There are many appnotes that cover precision full-wave rectifier circuitry, but they show versions powered from both positive and negative supplies. That makes sense, since the circuit is processing bipolar signals. However, in this blog, we see a special version of the circuit. This one uses RRIO (rail-to-rail input and output) op-amps and is powered from a single (or unipolar) supply.

The author discusses previous methods used in similar circuits. These rely on the op-amp's output swinging all the way to the supply rails and then going into saturation. This works as long as you are processing fairly low frequency signals and don't care about the time it takes for the op-amp to come out of saturation. And as long as you don't have stringent accuracy requirements.

The author then shows how to use an active clamp circuit to effectively change an op-amp from an amplifier with a gain of +1.00V/V to an amplifier with a gain of -1.00V/V. Accuracy is a function of resistor matching, op-amp offset voltage, and op-amp bias current. You must also consider the frequency content of the signals being processed and compare that to the gain-bandwidth product of the op-amp.

The article, part of our SIGNAL CHAIN BASICS series, was written by Rick Downs, at the time an Applications Engineering Manager for Texas Instruments.

6 comments on “Overcoming the Problems With Precision Full-Wave Rectifiers

    March 12, 2013

    I ran the circuit through LTSpice using the LT1491 and a BAT54 diode. Works pretty well. Definitely need the rail-to-rail capability for both input and output. The one thing I noticed that are not shown in the article is that the output will dip below the reference, especially when at 2.5V, for a diode drop's worth when the input is on the negative slope transistion through the mid-value.

    Otherwise, a nice little full-wave rectifier.

  2. Brad Albing
    March 12, 2013

    I can see where it might swing one diode drop below the 2.5V reference. Is that just very short term during the “zero-crossing” (actually the 2.5V reference)?

  3. RedDerek
    March 12, 2013

    I did the simlation at 1kHz and the dip was momentary and only at the middle of the negative slope of the input (the zero crossing). I can offer the simulation file if desired, but loading up LTSpice and using the LT1491 and 1N4148 diodes in the library work well. It is a quick and easy simulation to put together. It did not seem to matter as to where the reference was, it was always at the reference value.

  4. brhans
    March 13, 2013

    Doesn't this circuit just move the saturation problem to a different area, but still suffer from it to the same extent?

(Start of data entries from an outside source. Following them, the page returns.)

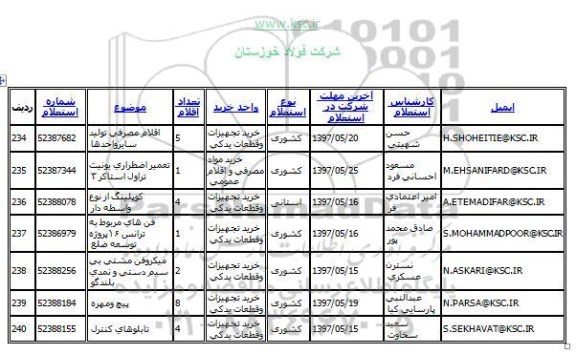 استعلام , استعلام  میکروفن مشتی بی سیم دستی و نمدی بلندگو 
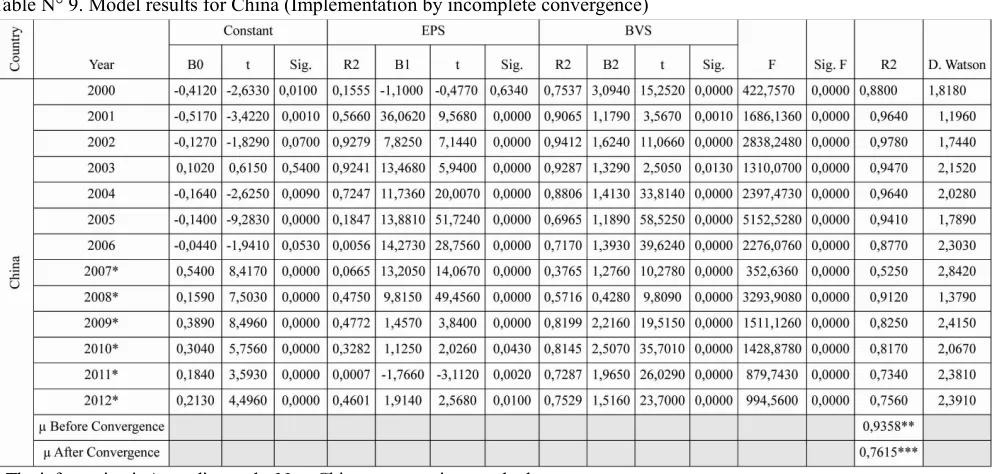 Figure 8 shows the results of the regression in China. The evolution of the R2 shows a decline in terms of relevance after the adoption of the new Chinese accounting standards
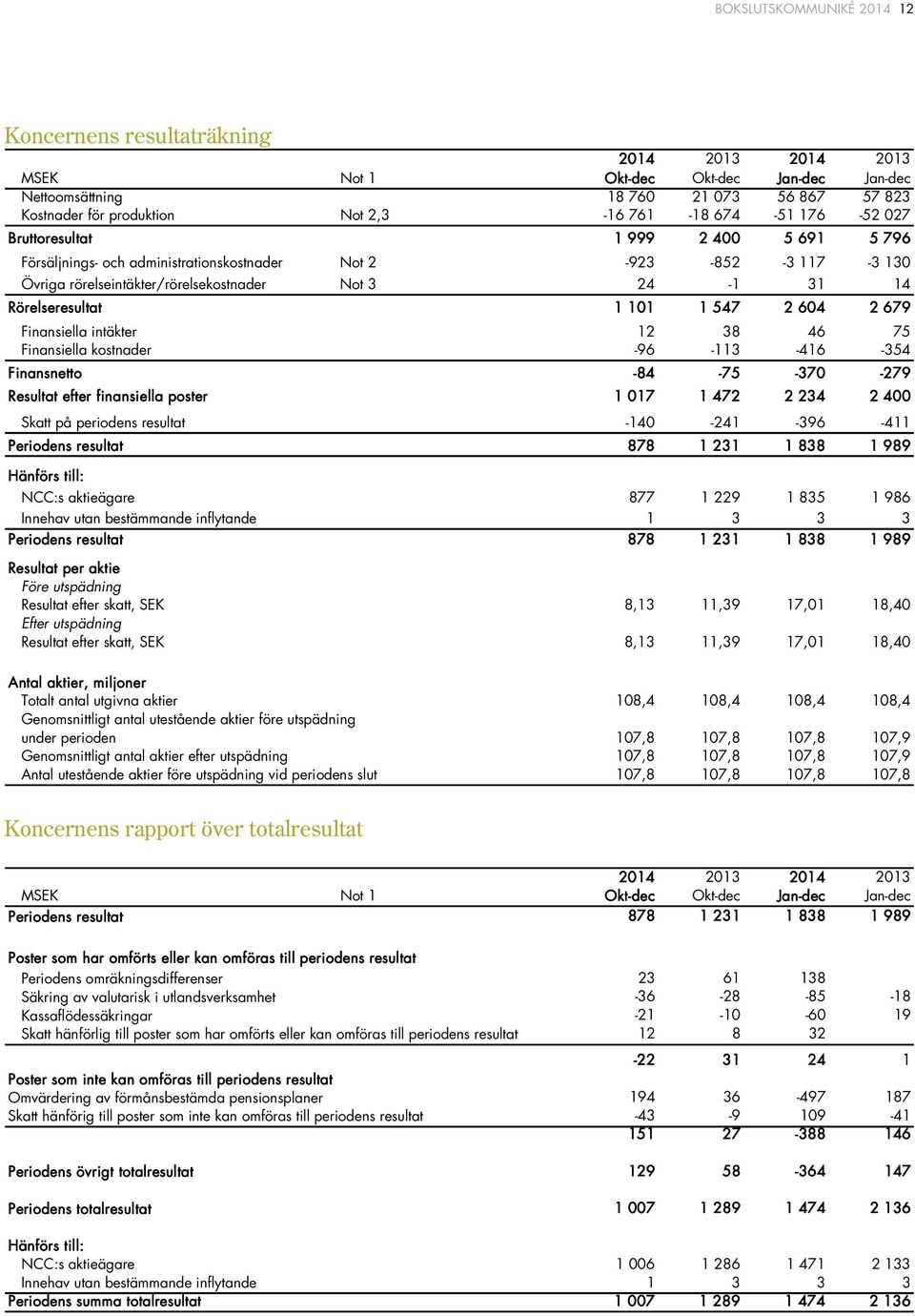 Finansiella intäkter 12 38 46 75 Finansiella kostnader -96-113 -416-354 Finansnetto -84-75 -370-279 Resultat efter finansiella poster 1 017 1 472 2 234 2 400 Skatt på periodens resultat -140-241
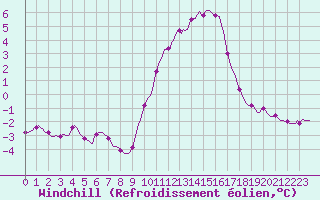 Courbe du refroidissement olien pour Dounoux (88)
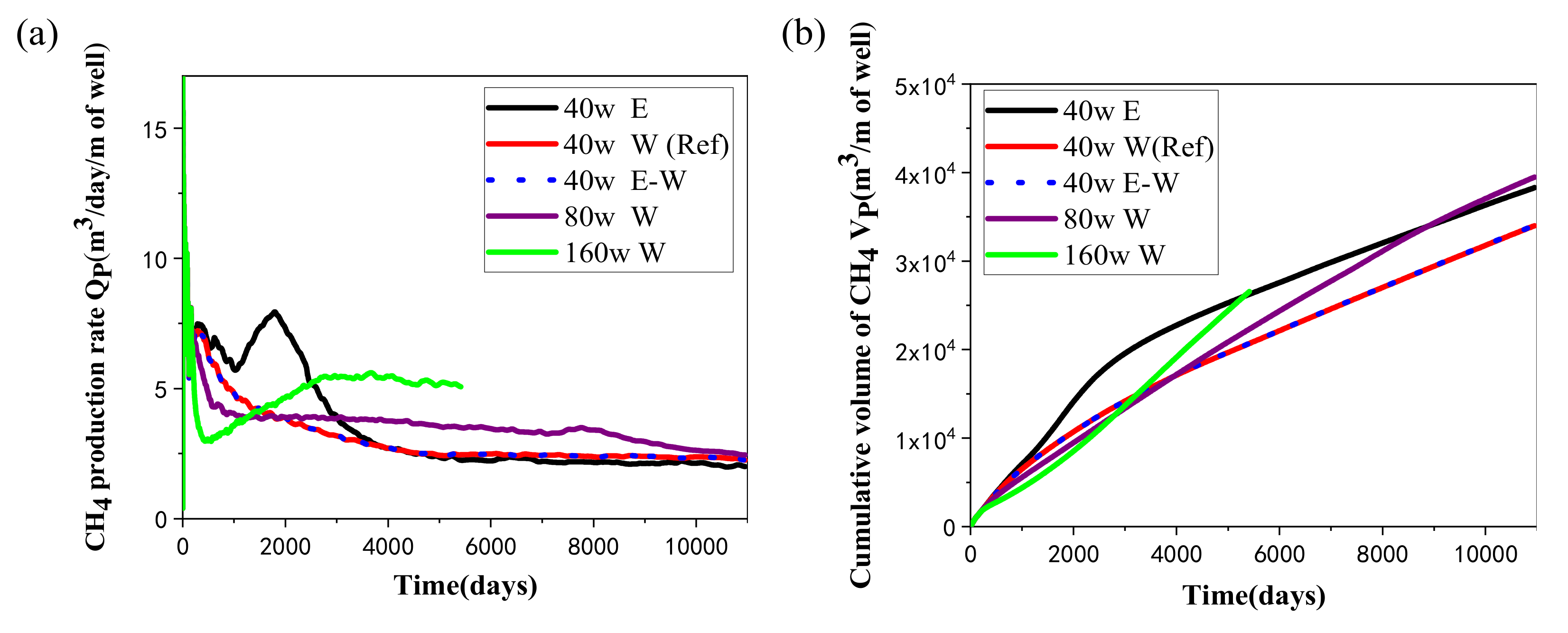 Entropy 23 00800 g004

    For any input voltage greater than your reference, the output of U2 will swiftly swing all the way down to its negative saturation and stay there until the input returns to a value below the reference.

    The 'dip' in your observed output voltage during 'negative slope transistion through the mid-value' is very neatly explained by this as U2 takes its time to recover from negative saturaion.



  5. eafpres
    March 13, 2013

    Is it a SPICE thing or is the phase of Vin- incorrect in the figures?  It is a nifty little circuit.

  6. mtripoli
    March 13, 2013

    Interesting. I don't have the LT1461 you mention in my standard library from LT. I do have the LT1462… Nonetheless, I got the SPICE model for the OPA364 (the device shown in the original article) from TI and ran it through LTSpice; the waveforms produced are identical to what is shown in the first diagram. However, when changing the bias to 2.5V everything went to hell; the output was half-wave and not full-wave as shown. I'm not really interested enough to stop and figure out why…

    You mention using the BAT54; this is a schottky. The “original” schematic shows a 1N4148; not sure it's fair to compare between the two.

    I did some work a little while ago on these type of rectifiers. I remember looking at this (as well as about 10 others of the same ilk). I remember seeing a note about using the specific device shown as others have different CMRR, phase inversion characteristics, etc. This may account for why you see what you do. 

    EDIT: I transposed the numbers in the LT1461/91 – my mistake. I ran it again with the LT1491  and indeed do see the “dip” you see. It appears that this is one of those cases where the device itself is important.